Expand key-value pairs from a cell to multiple columns

mpreusse · September 17, 2021, 3:02pm

I have a table that contains a field with key value pairs (it’s a gff file).

Each row contains a different set of key value pairs in that field.

Parent=transcript:ENST00000417324;Name=ENSE00001727627;constitutive=0;ensembl_end_phase=-1;ensembl_phase=-1;exon_id=ENSE00001727627;rank=3;version=1
ID=CDS:ENSP00000493376;Parent=transcript:ENST00000641515;protein_id=ENSP00000493376

I would like to map the values into new columns with the keys as headers. I tried the ‘Cell Splitter’ already but that works best for a fixed split with a fixed output.

Do you have any pointers how to approach this?

bruno29a · September 17, 2021, 8:23pm

Hi @mpreusse and welcome to the Knime community.

You can use Cell Splitter, but there are more operations to be added to accomplish what you want to do.

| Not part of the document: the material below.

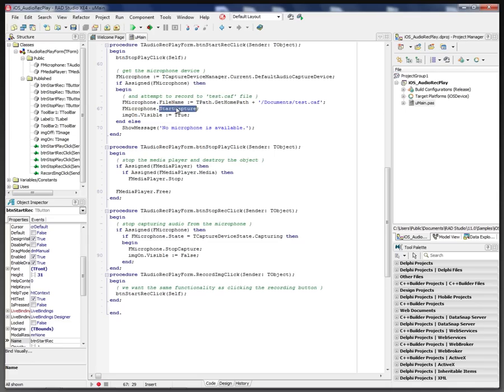We call start capture and we change the bitmap. If we fail to get a microphone, then we simply put up a message saying no microphone is available.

The main challenge here is that your records might not all have the same keys. For this type of structure, I usually use JSON, as that’s exactly how a JSON “structure” is, and also because converting JSON to a table, Knime will automatically create the necessary columns dynamically.

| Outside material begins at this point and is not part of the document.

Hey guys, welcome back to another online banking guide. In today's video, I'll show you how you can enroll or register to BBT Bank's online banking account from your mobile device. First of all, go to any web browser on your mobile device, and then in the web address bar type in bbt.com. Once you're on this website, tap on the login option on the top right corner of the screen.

If I look at your data, I am assuming that each pair is delimited by a semi-colon (;), and that a pairing of key value is determined by key=value format. I am assuming it’s 2 lines, therefore 2 records, is that correct? I’m making this assumption because I see the key Parent repeating.

I have put something together based on these assumptions, and here are the results:

The workflow looks like this:

And I used the input that you gave:

Here’s the workflow: Expand key-value pairs into columns.knwf (10.4 KB)

mpreusse · September 18, 2021, 8:02am

Thanks @bruno29a, that is a really elegant solution!

I am new to KNIME and did not know about the JSON nodes before.

Next step is to run it in parallel because I have around 3 million rows with the key value pairs

bruno29a · September 18, 2021, 3:17pm

No problem @mpreusse , it should still work with 3 million rows. It’ll just require some memory, and will take longer to run.

mpreusse · September 19, 2021, 9:41am

I tried it without chunking or parallelization and it was really fast, took a few minutes. Really impressive!

bruno29a · September 19, 2021, 1:58pm

Hi @mpreusse , yes, it should be ok without chunking/batches or parallelization. There’s really not much happening there. They’re straight forward operations.

Glad that it worked very well for you.

system · September 26, 2021, 1:58pm

This topic was automatically closed 7 days after the last reply. New replies are no longer allowed.